Jurgen Habermas considers his own major achievement the development of the concept and theory of communicative reason or communicative rationality, which distinguishes itself from the rationalist tradition by locating rationality in structures of interpersonal linguistic communication rather than in the structure of either the cosmos or the knowing subject. He carries forward the tradition of Immanuel Kant and the Enlightenment and of democratic socialism through his emphasis on the potential for transforming the world and arriving at a more humane, just, and egalitarian society through the realization of the human potential for rationality.

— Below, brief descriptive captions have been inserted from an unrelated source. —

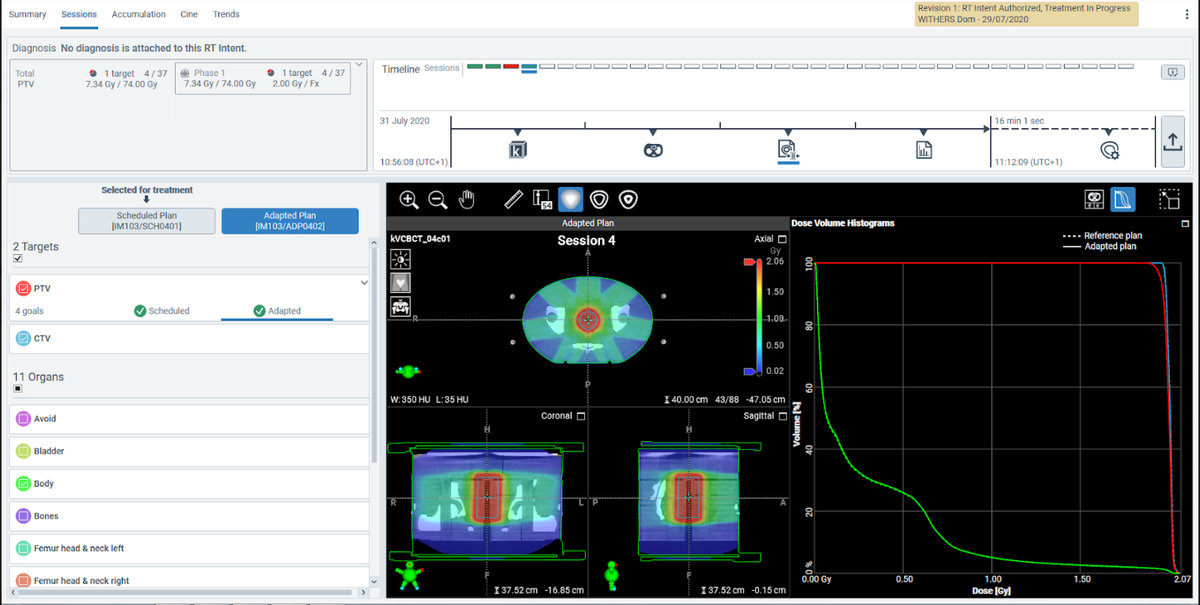 We’ve been using Ethos Treatment Management to generate test plans, QA plans, and the plans of our first clinical patients.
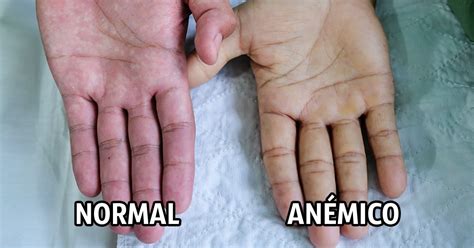 Signos De Anemia Y Tratamientos Para Estos Que Quiz S No Conozcas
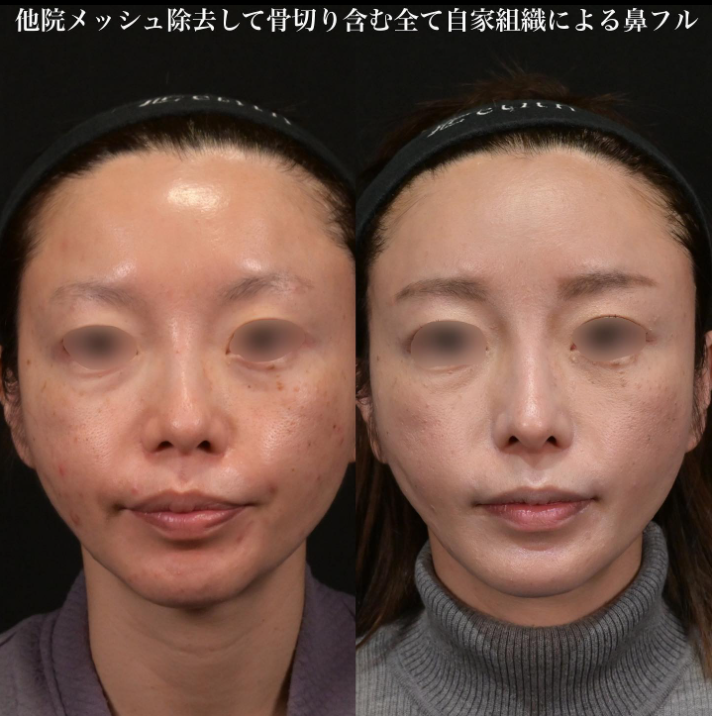 鉄医師による鼻のフルコースの施術前／施術後酸3ヶ月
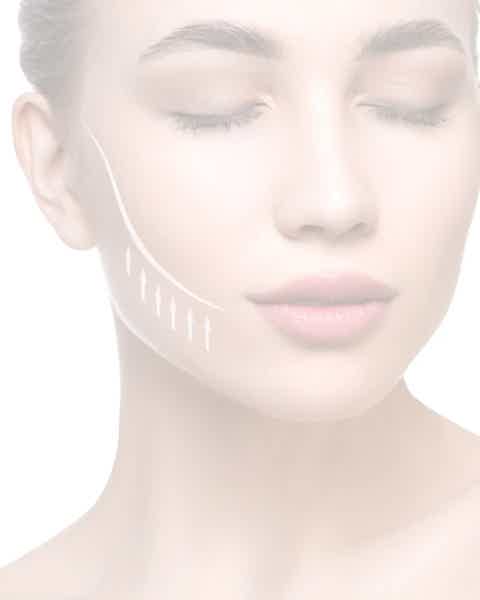 Woman receiving aesthetic treatment at BioRevive Calgary, with illustrated lines and arrows on her cheeks showing targeted lifting and rejuvenation effects for injectable and skin booster treatments.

Habermas works equally comfortably in the fields of sociology and philosophy, and his magnum opus, The Theory of Communicative Action (in two volumes) addresses not only philosophies of agency and rationality, but the theories of sociologists like Max Weber, George Herbert Mead, Emile Durkheimand Talcott Parsons. In this work, Habermas counterposes the traditional idea of an objective cognitive-instrumental (functionalist) reason to other reasoning capacities that perform subjective and intersubjective duties within the rich fabric of societal interactions. From the ideas of intersubjectivity developed here, Habermas and fellow Frankfurt critic Karl-Otto Apel developed the distinctive theory of discourse ethics. One of Habermas’ earliest important philosophical exchanges was with Hans-Georg Gadamer over the applicability of Gadamer’s idea of interpretation to the critique of ideology, one of Habermas’ prime foci. Because of the varied applicability of Habermas’s work, from psychoanalysis to action theory to epistemology to hermeneutics, he is called one of the “four or five most important philosophers of the twentieth century” and akin to Karl Marx in the variety of interpretations that his ideas have spawned in many fields, including literary theory, economics, and public policy.
As a second-generation member of the Frankfurt School of critical theory, Habermas was a student of Max Horkheimer and Theodor Adorno. In his wide-ranging and varied works, he had broken with the anti-rationalist, anti-Westernist stance of the previous generation of Frankfurt theorists and taken a different route in his critical appraisal of Western institutions and rationality. Habermas stresses the humanist side of Karl Marx‘s work as a critic, and has written on the Hegelian tensions between theory and practice in philosophy. Habermas is particularly notable for his defense of a Kantian conception of rationality, which have been assailed by other postmodern thinkers.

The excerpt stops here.